Even still, I wanted to write my own implementation. I didn’t have confidence in the existing implementations, as I’d hear my radio squawk up, but no packet. It seemed like there was some really low hanging fruit to be had as far as optimizing the receiver!
…of course, I was beaten to the punch, again by about a decade. WB2OSZ wrote a piece of software called Direwolf that solved the problem SO WELL, it almost made it pointless to even try. His extensive documentation compared every popular APRS implementation to his, and showed how Direwolf ran circles around them.
As a common denominator, WA8LMF recorded about an hour of APRS traffic and put it online. Some implementations only pulled in 600 packets, whereas Direwolf pulls in well over 1000. (This would serve as the “gold standard” for testing my implementation as well.)
On top of that, his clear documentation made it stupid simple to buy a $50 Raspberry Pi and a $20 push to talk radio, and setup a node in a few hours. Legitimately, Direwolf is the king of APRS, and his labor of love was a great service to the ham community. I’m not going to be able to compete with that.
And yet, some 700 lines of C later, liquidwolf is now a thing. (It probably shouldn’t be.) I thought you’d enjoy reading a few things about how I went about implementing this. I’m hoping to split this up into a few articles highlighting different aspects of the code, but right now it’s fitting to just talk about how it started.
Sadly, engineering is a fractal. I want to go into every little detail, but if I did, I wouldn’t get important things like laundry done, or a proper dinner. (Currently, I’ve eaten four raw hot dogs today.) I’m going to assume you know a little bit about signal processing, and APRS. Like the code I’ve written, this post is going to be pretty rough.
Eating an Elephant Sandwich: Where to start?
When I found Liquid DSP a few years back, I knew that would be the heart of my program. While GNU Radio made it dead simple to prototype and experiment, I wanted to write a C implementation myself. It may be calling the kettle black, but Direwolf’s code base is a little messy. I wanted something simple and straight forward, so offloading all the signal processing to another library would save me the headaches and cut down on code.

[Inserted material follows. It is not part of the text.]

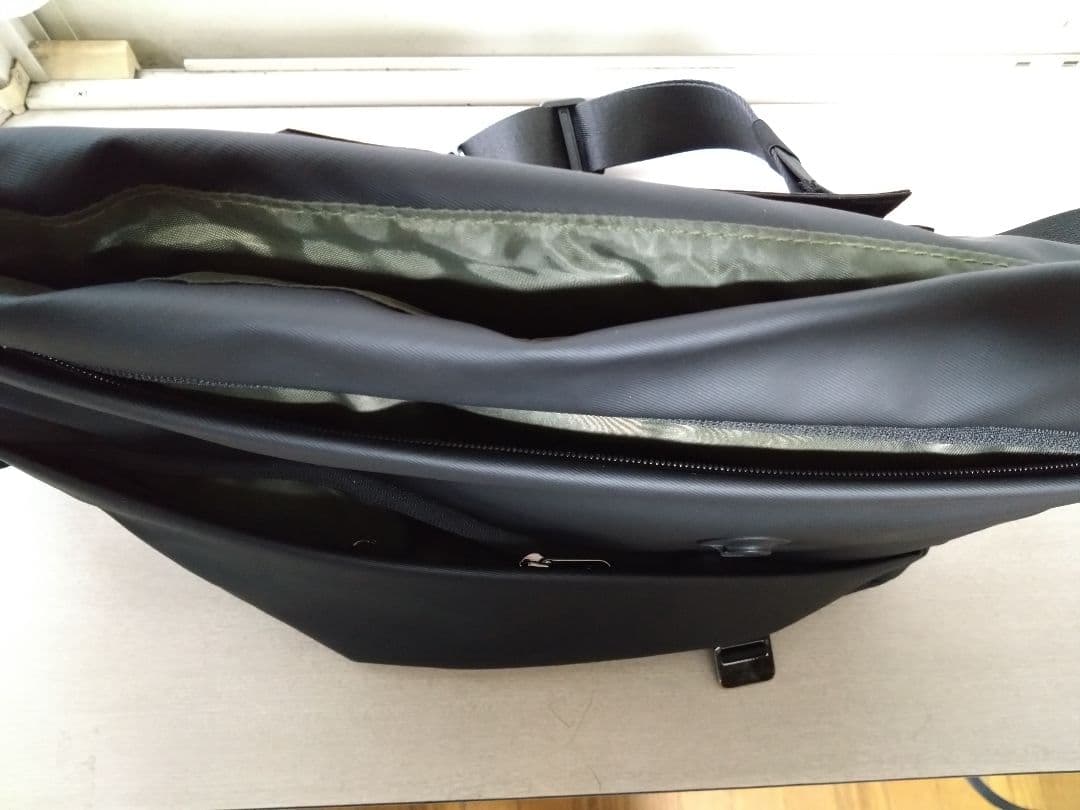 SEKKEI MX-sling　拡張するスリングバッグ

The hardest problem was knowing where to start. I have a bad habit of sharpening the axe for far too long, and never getting to the point of cutting down trees. One thing I’ve learned from my coworkers the past few years is to just sit down, and start writing. The code won’t be perfect, just get something to run. Work on tidying it up later.

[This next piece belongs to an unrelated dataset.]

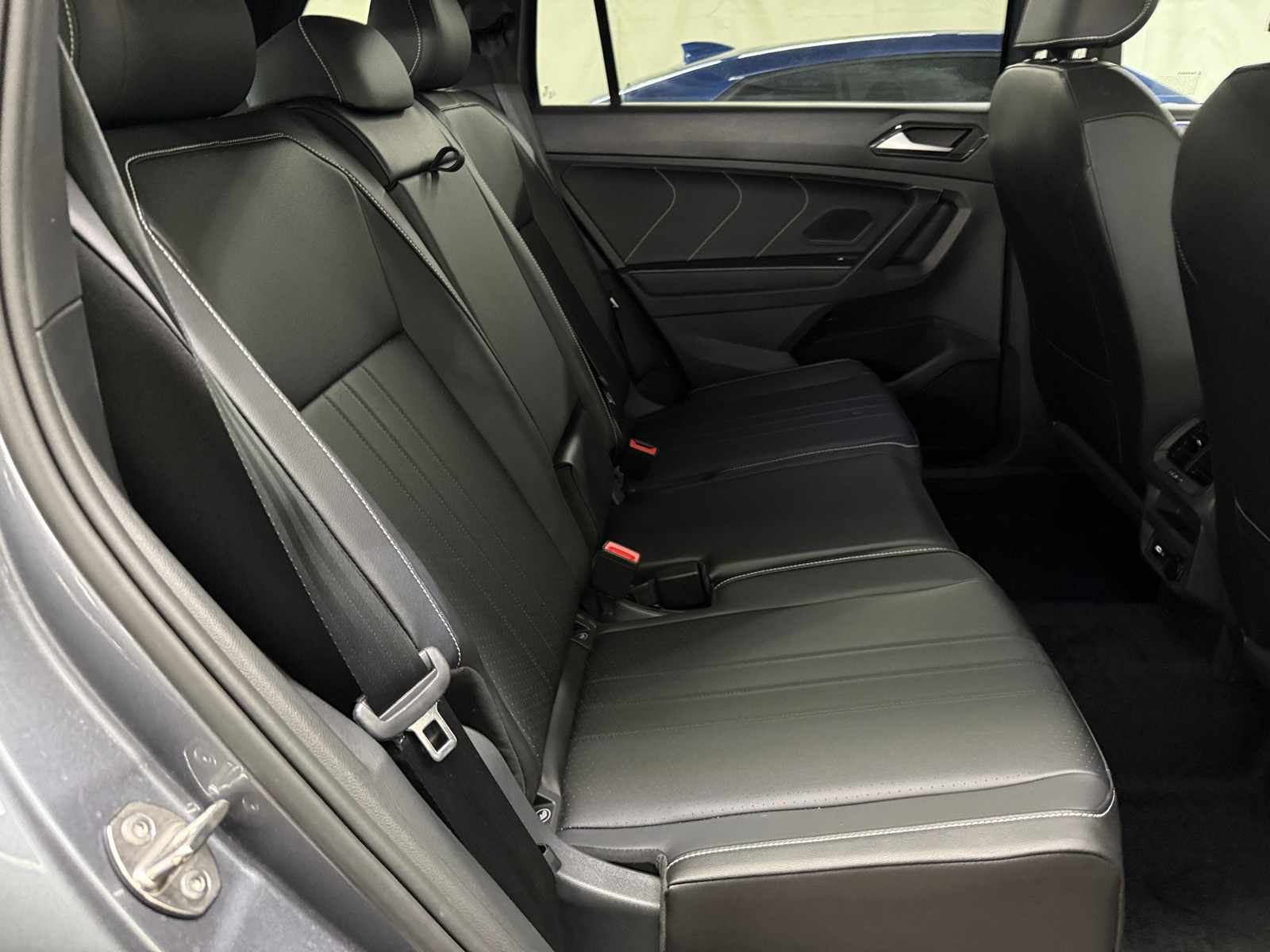 Thumbnail: 2024 Volkswagen Tiguan - 5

With that in mind, I opened up VIM and started to write main.c. My primary goal was to get the infrastructure up to read and process a wave file. Initially, I started to write a simple module to parse the header, but that proved to be too much overhead. After twenty minutes of writing code, I scrapped the idea for something stupid simple. I’d read in packed floats from a binary file.
The first revision of code, which wasn’t even dignified with a commit, didn’t check for NULL after malloc(). It didn’t free memory. It didn’t have command line arguments. It didn’t have any clever code. It just read samples, shoved them through a few crudely constructed filters, and wrote them out to another file.
Signal processing code is messy. You’ve got a metric ton of variables scattered all over the place with varying scopes. Some are global. Some are local to the function, some only to the loop. Some are re-used for little fiddly bits where it’s painful to make another “scratch” variable. You have four indexes to different arrays, all named “i, j, jj, j2”, and this weird variable called “temp_tmp” that you’re not sure what it does, or if it’s safe to change.
You want there to be some sort of structure and sanity to your code, but there’s no way to cleanly pack 47 variables in a monolithic function. Here’s a quick run down of a few options I had.
Hopefully you can see how messy this is going to get. It seems there are two strategies for variable scope:
- Put all your variables at the top of the function, so as to be able to judge stack size for function calls.
- Put all your variables closest to where they’re used to enhance readability.
I normally prefer the first approach, but for DSP that seems to be a deal breaker — especially with loop variables. The code is easiest to read as a large monolithic function (as I’ll explain below), but putting all the variables at the top makes analyzing scope tricky, and encourages dangerous re-use. These were the rules I came up:
- Scope all “naming” variables with anonymous braces to prevent re-use later. (Not yet implemented!)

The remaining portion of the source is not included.